*PROBLEM TO WORK ON*.
For this exercise, copy exactly the lines below from the one with "Sofabord Wohnling marmorstil" through the one with "Shelf Storage Bin, Polypropylene, Yellow, 4" and leave out the pictures.

*EXCERPTED RECORDS*.
-- Opening Marker --
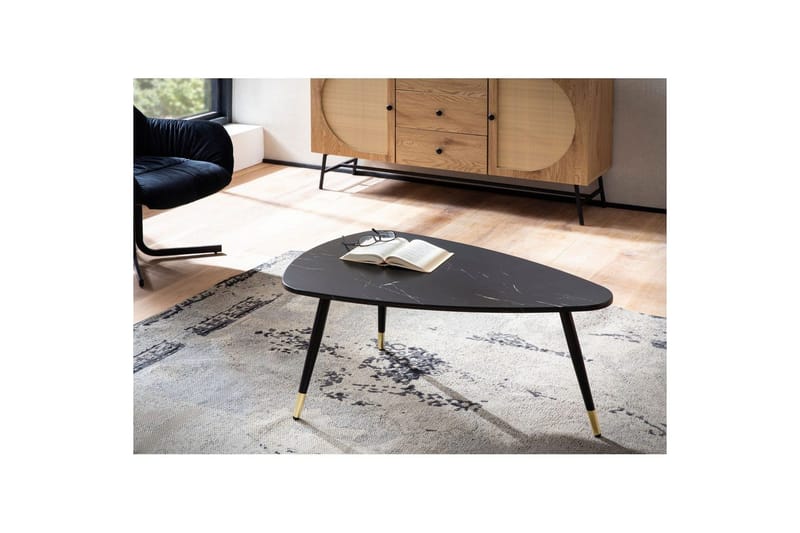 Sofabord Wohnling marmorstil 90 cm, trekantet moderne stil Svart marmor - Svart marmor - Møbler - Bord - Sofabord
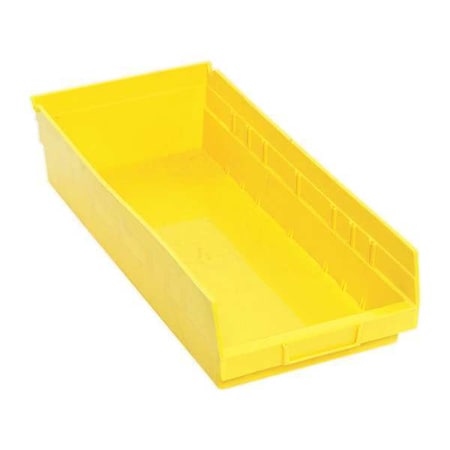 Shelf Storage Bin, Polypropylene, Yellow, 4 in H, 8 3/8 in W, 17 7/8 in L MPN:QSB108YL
-- Closing Marker --
-- Opening Marker --
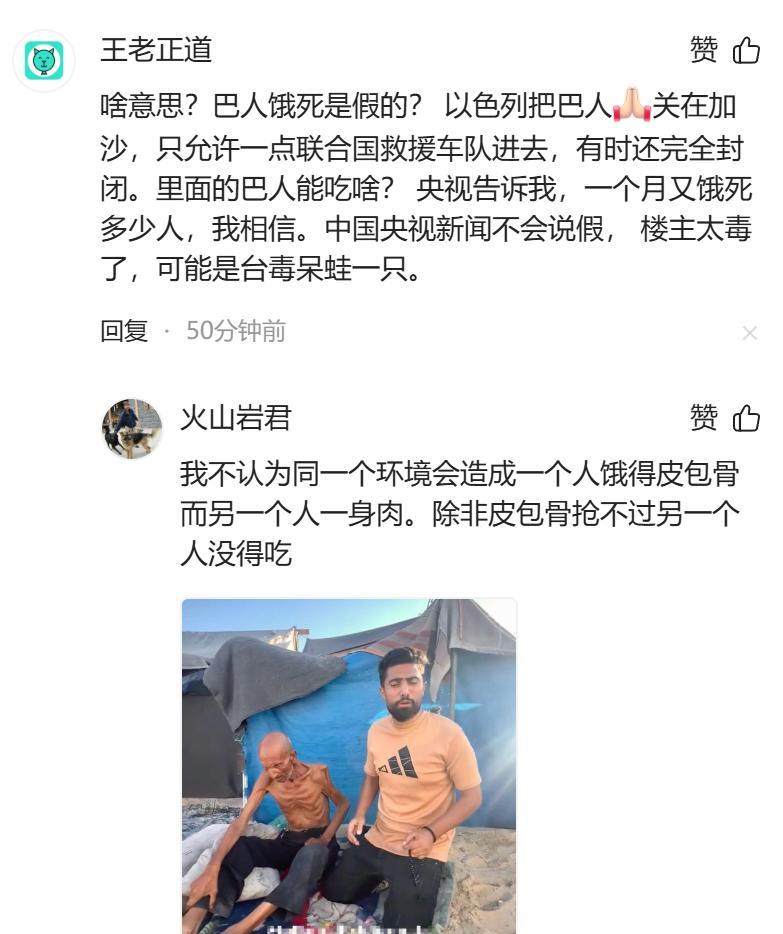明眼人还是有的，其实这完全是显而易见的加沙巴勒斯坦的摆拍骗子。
-- Closing Marker --
*SOLUTION BELOW*.
 Sofabord Wohnling marmorstil 90 cm, trekantet moderne stil Svart marmor - Svart marmor - Møbler - Bord - Sofabord
 Shelf Storage Bin, Polypropylene, Yellow, 4 in H, 8 3/8 in W, 17 7/8 in L MPN:QSB108YL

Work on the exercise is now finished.